> Description of the task:
Leaving out every picture, transcribe the lines from the line that contains "Collistar Opalovací krém" to the end of the entries below, both ends included.

> Extracted data:

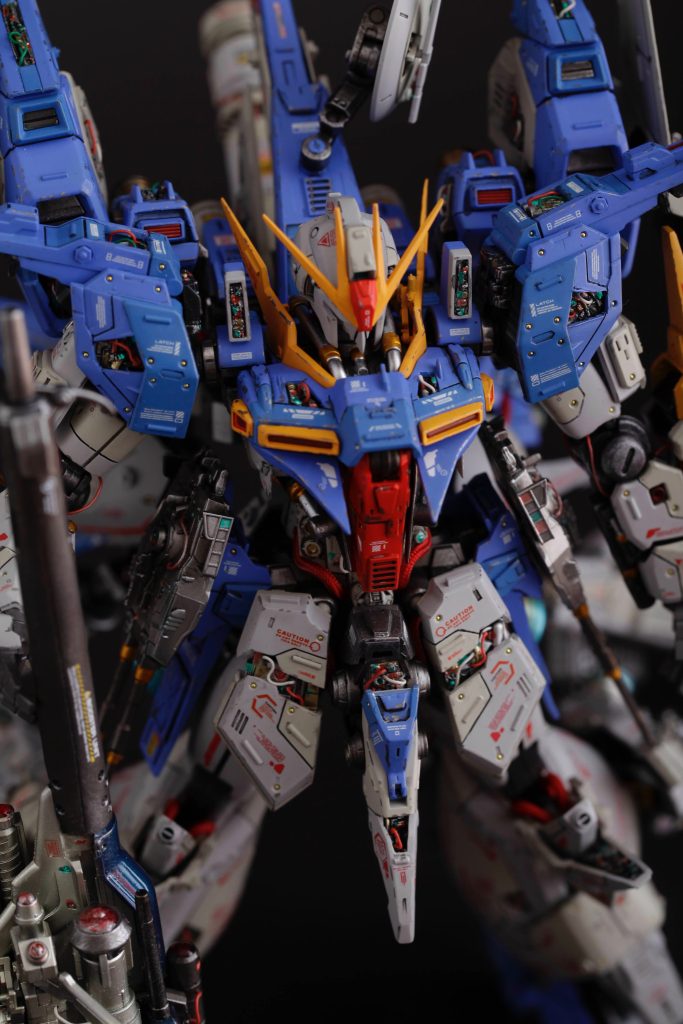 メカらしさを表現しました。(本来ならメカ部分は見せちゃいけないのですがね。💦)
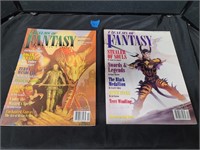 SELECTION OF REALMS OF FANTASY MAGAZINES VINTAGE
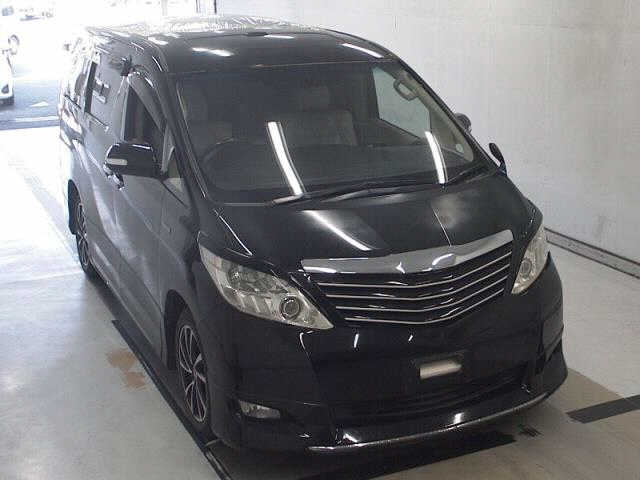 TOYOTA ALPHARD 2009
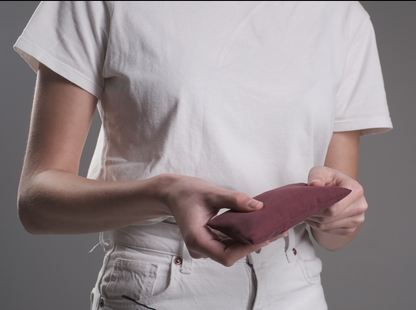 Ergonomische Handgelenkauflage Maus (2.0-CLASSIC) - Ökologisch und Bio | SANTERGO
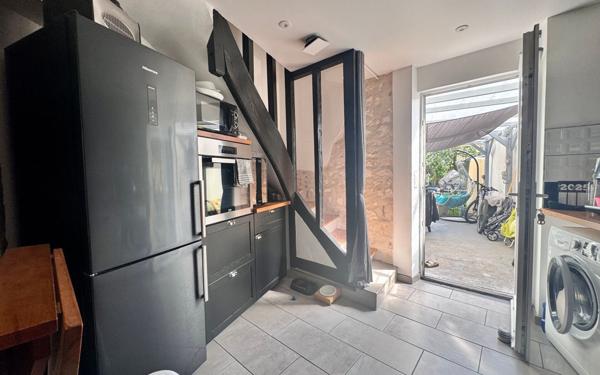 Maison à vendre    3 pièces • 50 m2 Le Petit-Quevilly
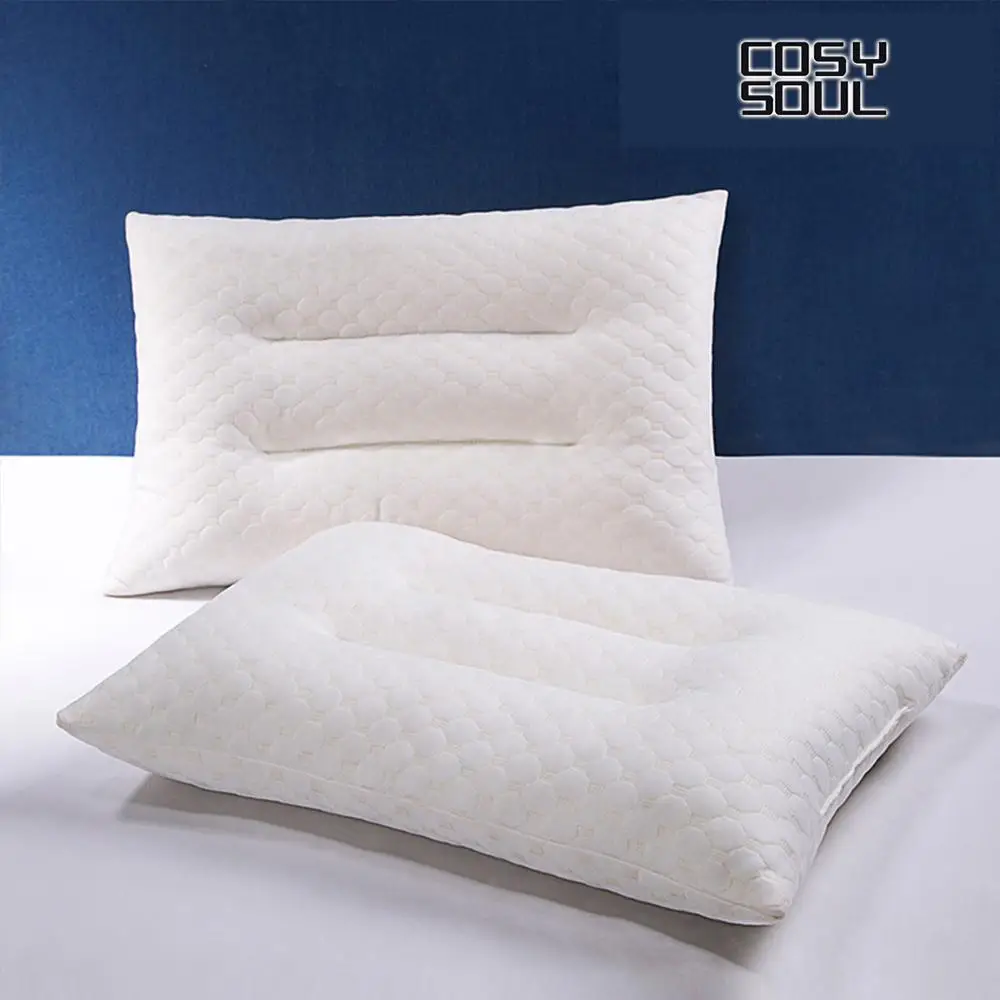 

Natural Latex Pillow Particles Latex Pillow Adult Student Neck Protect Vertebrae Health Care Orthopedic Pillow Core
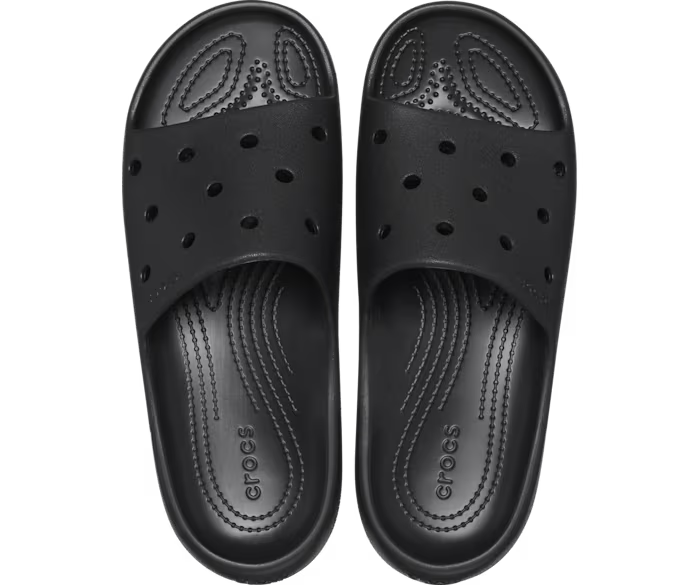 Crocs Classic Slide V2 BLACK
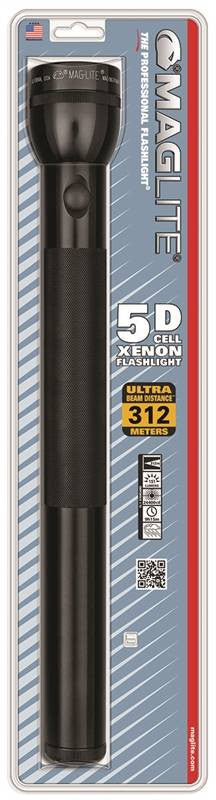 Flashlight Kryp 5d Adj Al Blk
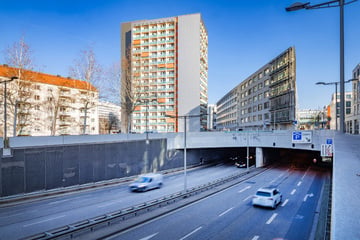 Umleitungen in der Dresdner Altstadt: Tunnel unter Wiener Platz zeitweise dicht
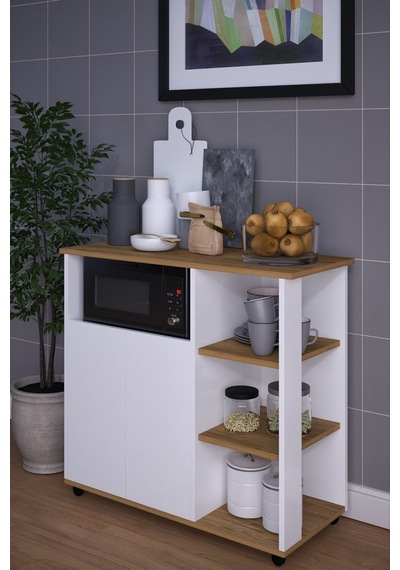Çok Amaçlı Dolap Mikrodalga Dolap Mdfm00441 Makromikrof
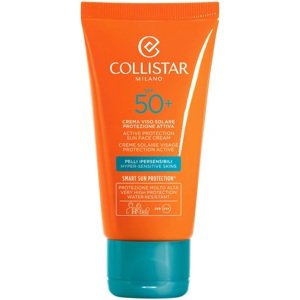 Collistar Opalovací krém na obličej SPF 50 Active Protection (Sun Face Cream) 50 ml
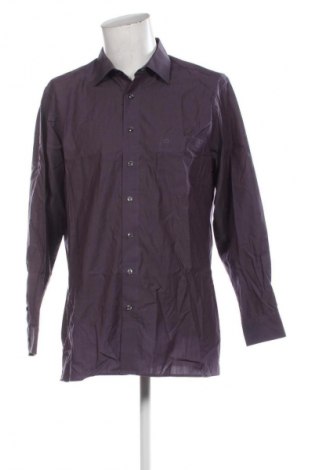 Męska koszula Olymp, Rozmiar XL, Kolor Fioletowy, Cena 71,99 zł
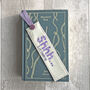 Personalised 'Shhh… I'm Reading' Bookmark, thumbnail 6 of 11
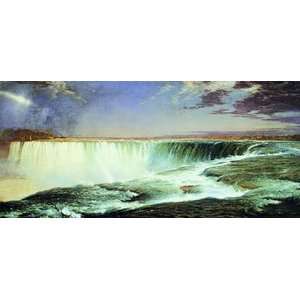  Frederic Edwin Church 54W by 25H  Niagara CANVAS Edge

> Output for this task:
 Collistar Opalovací krém na obličej SPF 50 Active Protection (Sun Face Cream) 50 ml
 Męska koszula Olymp, Rozmiar XL, Kolor Fioletowy, Cena 71,99 zł
 Personalised 'Shhh… I'm Reading' Bookmark, thumbnail 6 of 11
  Frederic Edwin Church 54W by 25H  Niagara CANVAS Edge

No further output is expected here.